*WHAT IS BEING ASKED*.
In the records below, find the line that contains "Монета 1 марка. 1946 год, Финляндия." and the line that contains "Grille de mots"; write out exactly those two lines and everything between them, without the pictures.

*AVAILABLE DATA*.
*-*-*

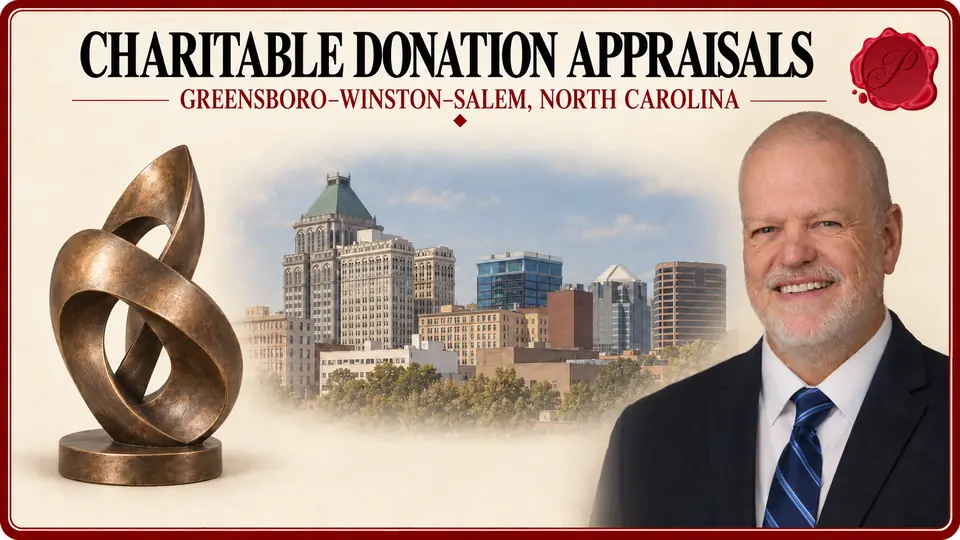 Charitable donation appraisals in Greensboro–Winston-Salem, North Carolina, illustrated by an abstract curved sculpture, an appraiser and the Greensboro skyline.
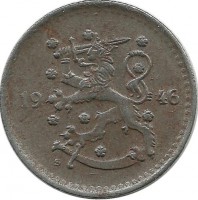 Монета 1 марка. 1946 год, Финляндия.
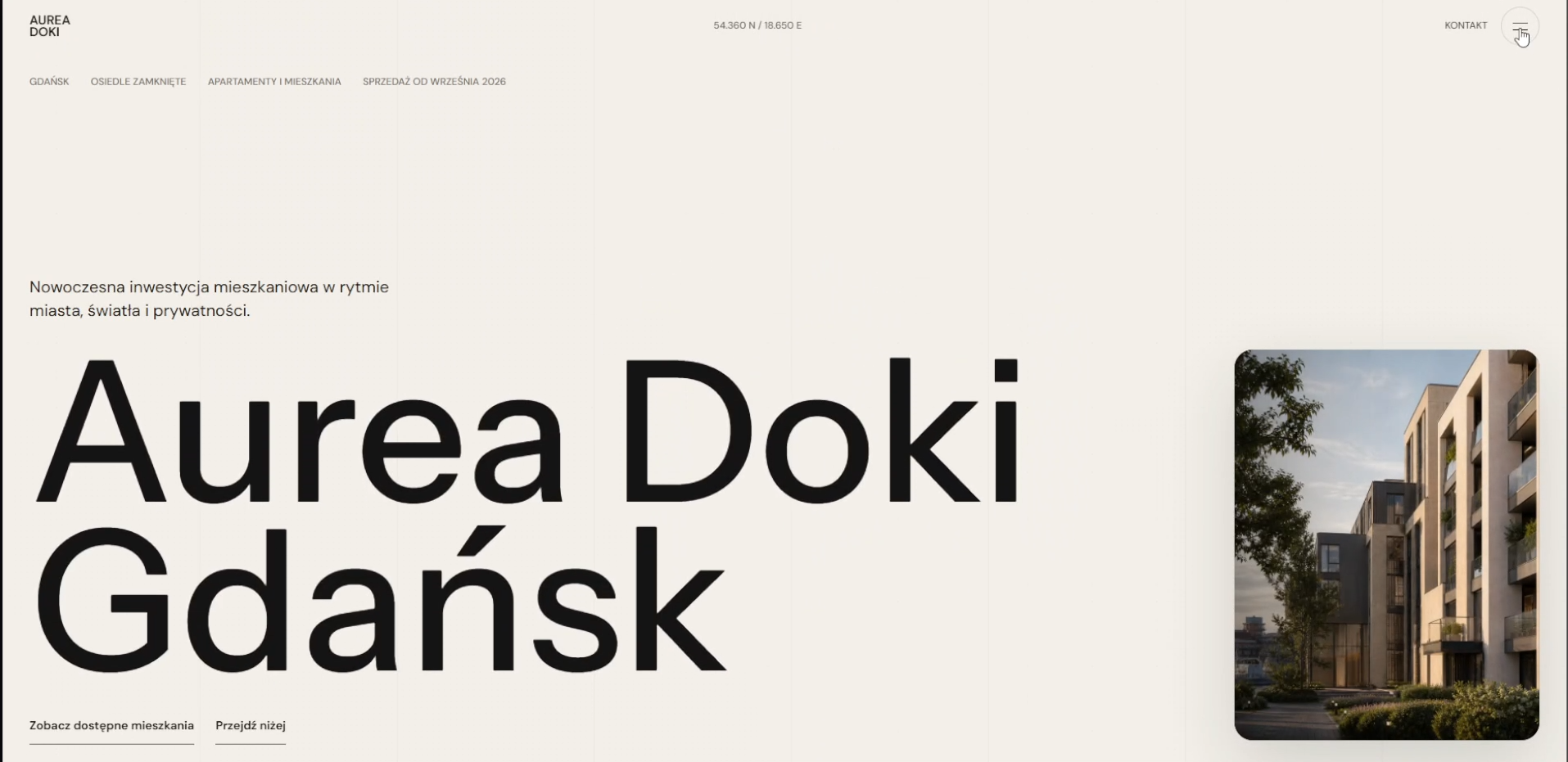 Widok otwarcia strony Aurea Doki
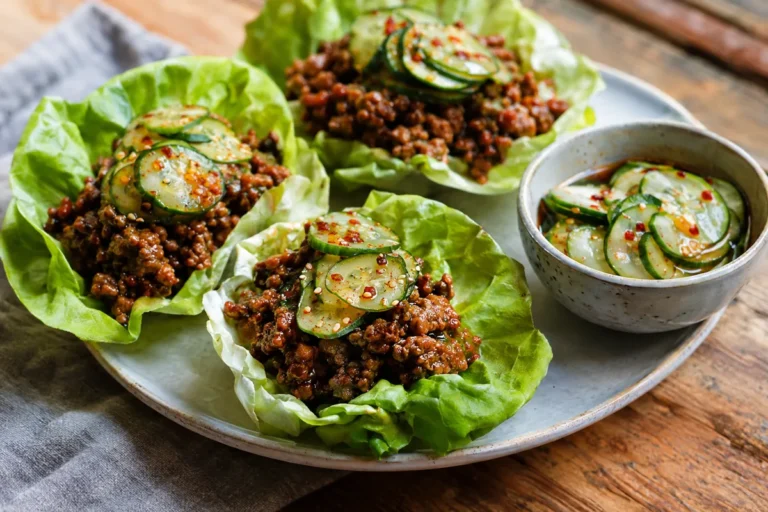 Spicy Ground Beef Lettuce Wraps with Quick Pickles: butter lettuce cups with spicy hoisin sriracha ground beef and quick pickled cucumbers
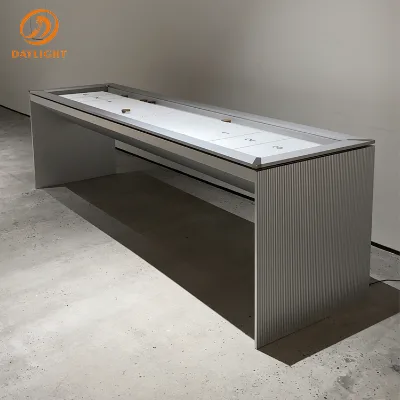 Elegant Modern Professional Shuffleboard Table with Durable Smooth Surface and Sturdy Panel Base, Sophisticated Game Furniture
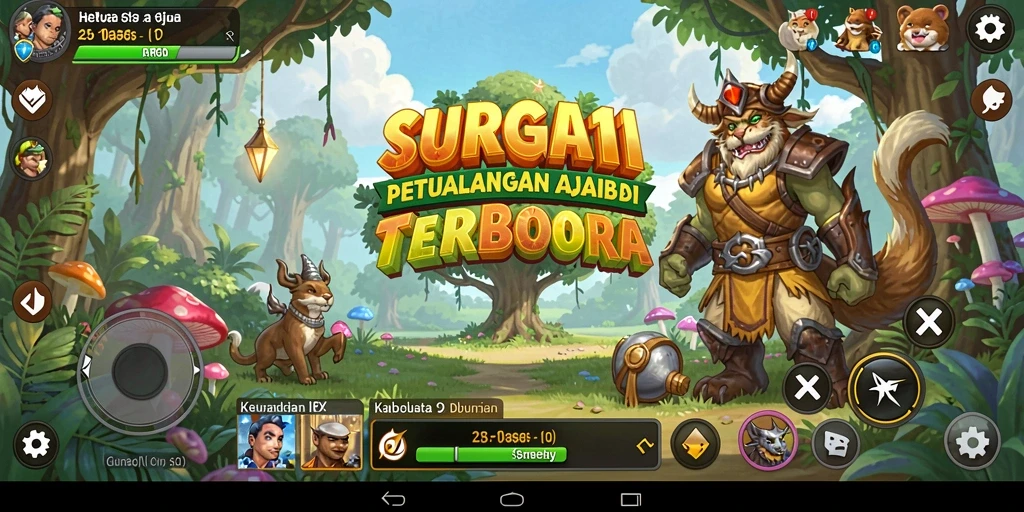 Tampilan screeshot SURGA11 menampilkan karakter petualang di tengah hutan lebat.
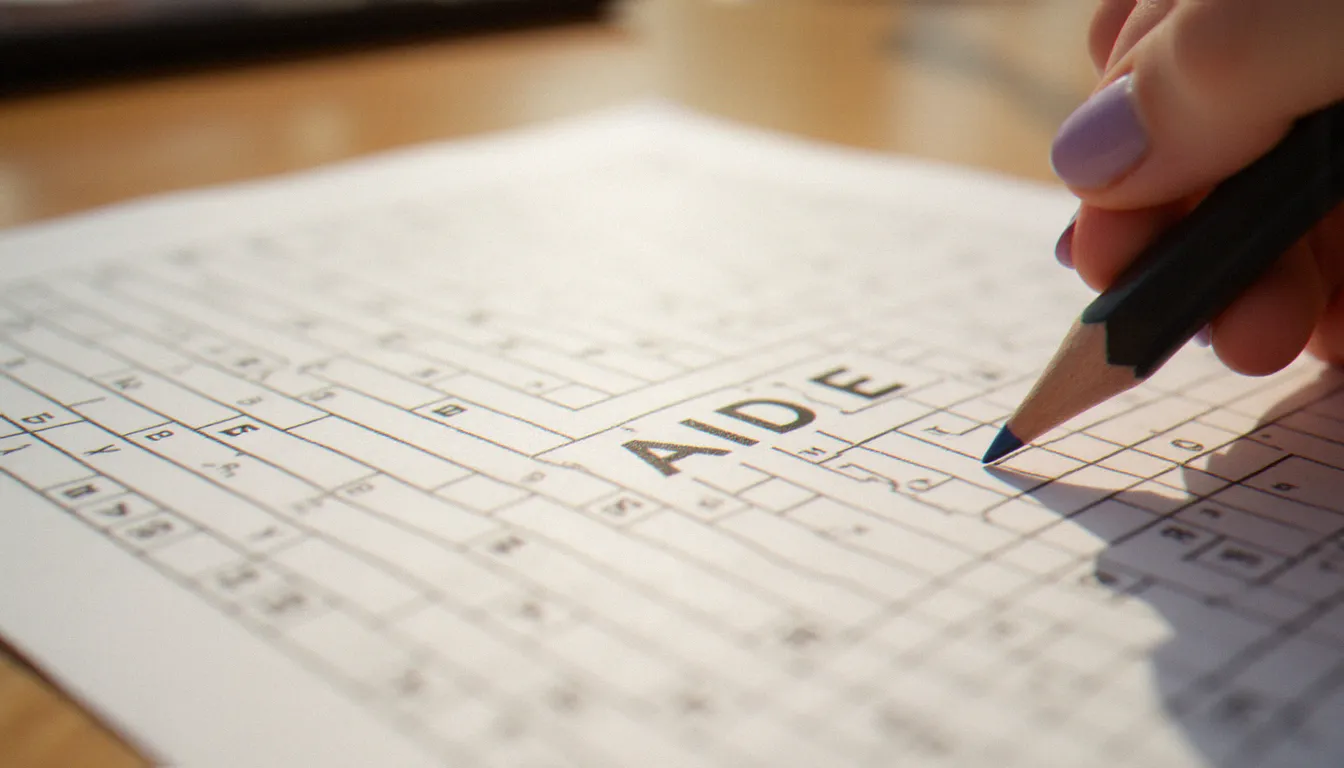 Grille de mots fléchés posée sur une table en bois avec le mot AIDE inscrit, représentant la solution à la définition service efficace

*-*-*

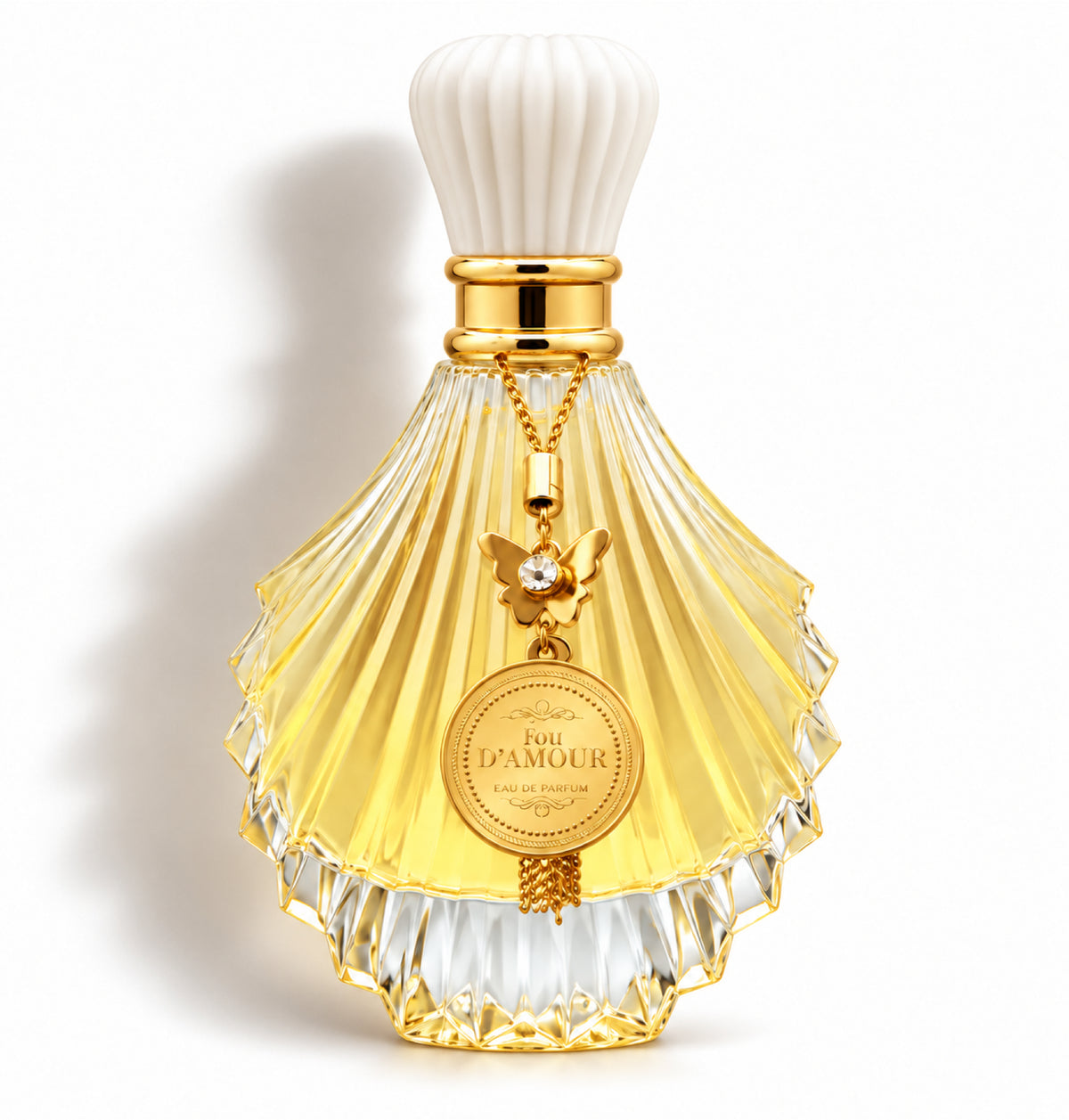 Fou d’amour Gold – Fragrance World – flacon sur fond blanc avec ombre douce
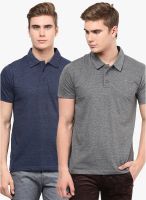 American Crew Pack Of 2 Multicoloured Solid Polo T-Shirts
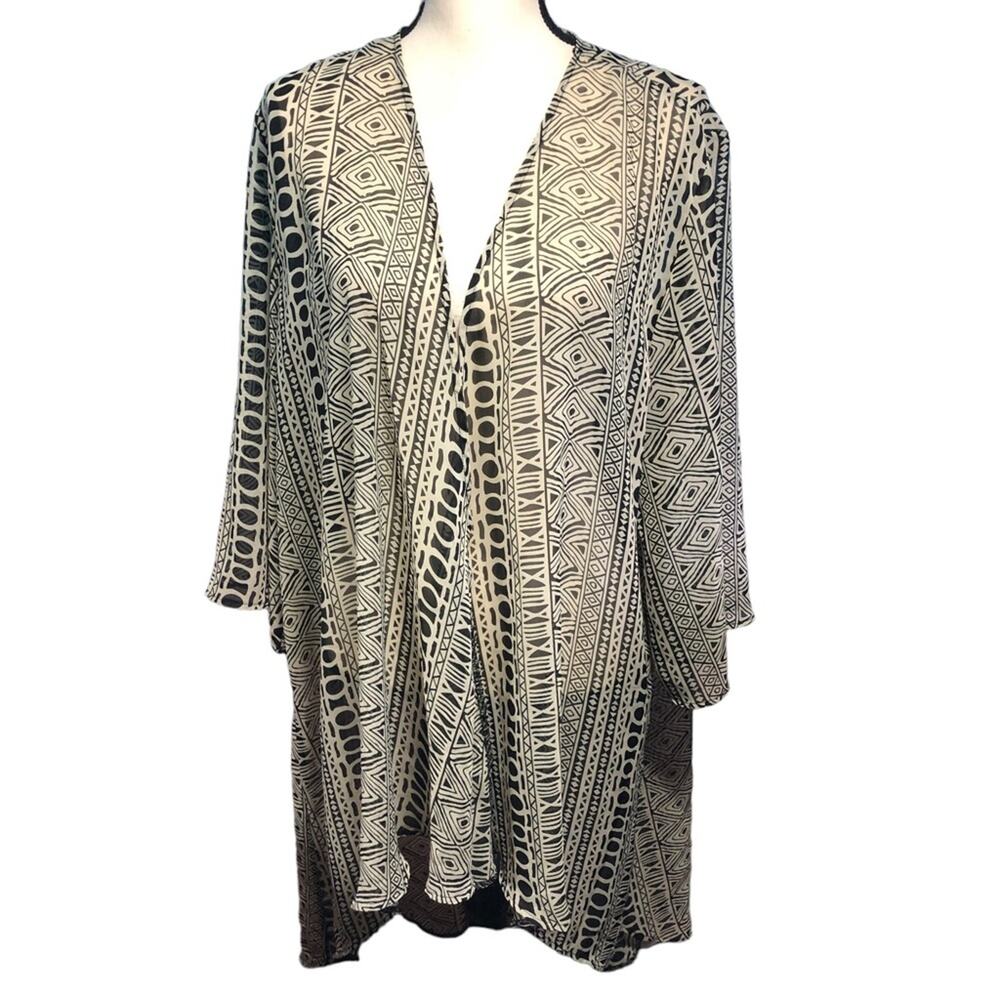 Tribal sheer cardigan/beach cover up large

*-*-*

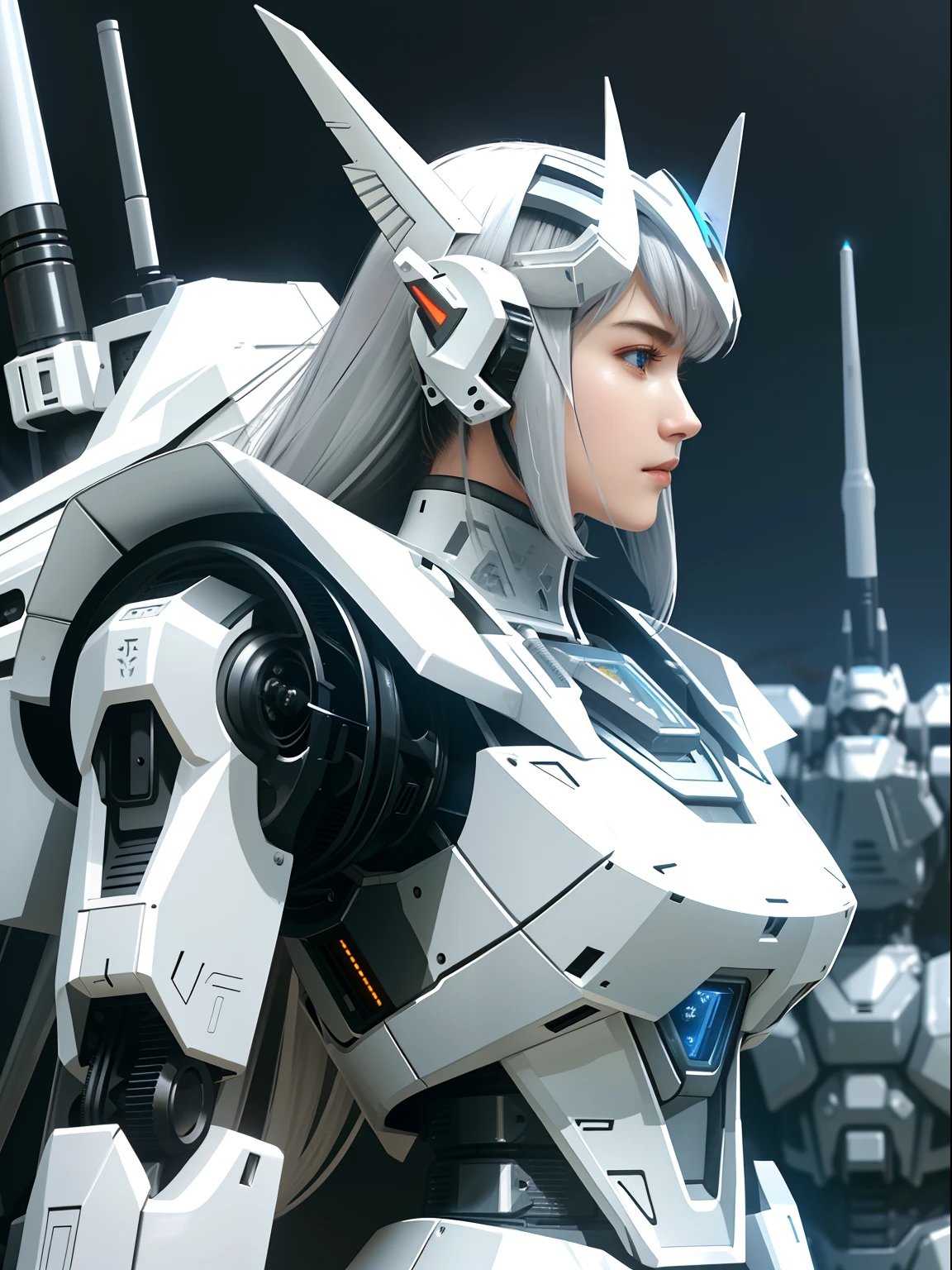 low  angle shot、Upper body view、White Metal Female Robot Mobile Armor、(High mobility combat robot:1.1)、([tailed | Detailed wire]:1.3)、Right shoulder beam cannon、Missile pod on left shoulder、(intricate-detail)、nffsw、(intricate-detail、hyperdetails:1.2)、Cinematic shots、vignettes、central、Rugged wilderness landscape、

*-*-*

*RESULT OF THE EXERCISE*.
 Монета 1 марка. 1946 год, Финляндия.
 Widok otwarcia strony Aurea Doki
 Spicy Ground Beef Lettuce Wraps with Quick Pickles: butter lettuce cups with spicy hoisin sriracha ground beef and quick pickled cucumbers
 Elegant Modern Professional Shuffleboard Table with Durable Smooth Surface and Sturdy Panel Base, Sophisticated Game Furniture
 Tampilan screeshot SURGA11 menampilkan karakter petualang di tengah hutan lebat.
 Grille de mots fléchés posée sur une table en bois avec le mot AIDE inscrit, représentant la solution à la définition service efficace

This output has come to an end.